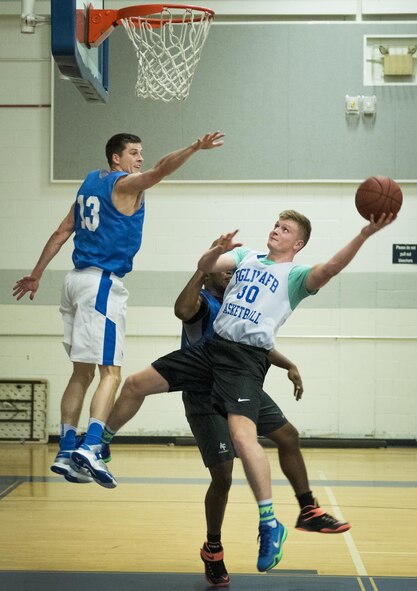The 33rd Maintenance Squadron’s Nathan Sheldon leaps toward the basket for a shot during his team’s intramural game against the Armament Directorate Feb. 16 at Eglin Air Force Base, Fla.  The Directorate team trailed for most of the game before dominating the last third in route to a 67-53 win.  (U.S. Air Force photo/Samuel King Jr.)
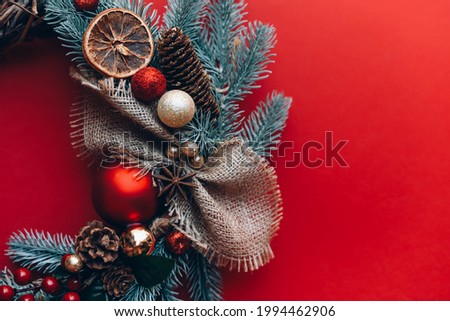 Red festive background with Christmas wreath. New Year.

-------

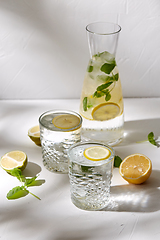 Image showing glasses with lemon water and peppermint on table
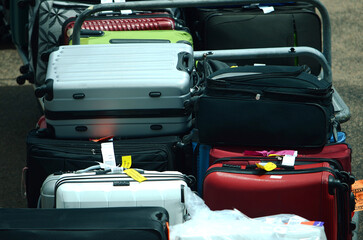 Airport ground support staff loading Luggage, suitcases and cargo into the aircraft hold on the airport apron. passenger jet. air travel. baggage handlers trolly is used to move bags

-------

§ **Task prompt**:
Repeat exactly the lines above, beginning at the one containing "The 33rd Maintenance" and ending at the one containing "Red festive background". Do not carry over any pictures.

§ **Task solution**:
The 33rd Maintenance Squadron’s Nathan Sheldon leaps toward the basket for a shot during his team’s intramural game against the Armament Directorate Feb. 16 at Eglin Air Force Base, Fla.  The Directorate team trailed for most of the game before dominating the last third in route to a 67-53 win.  (U.S. Air Force photo/Samuel King Jr.)
 Red festive background with Christmas wreath. New Year.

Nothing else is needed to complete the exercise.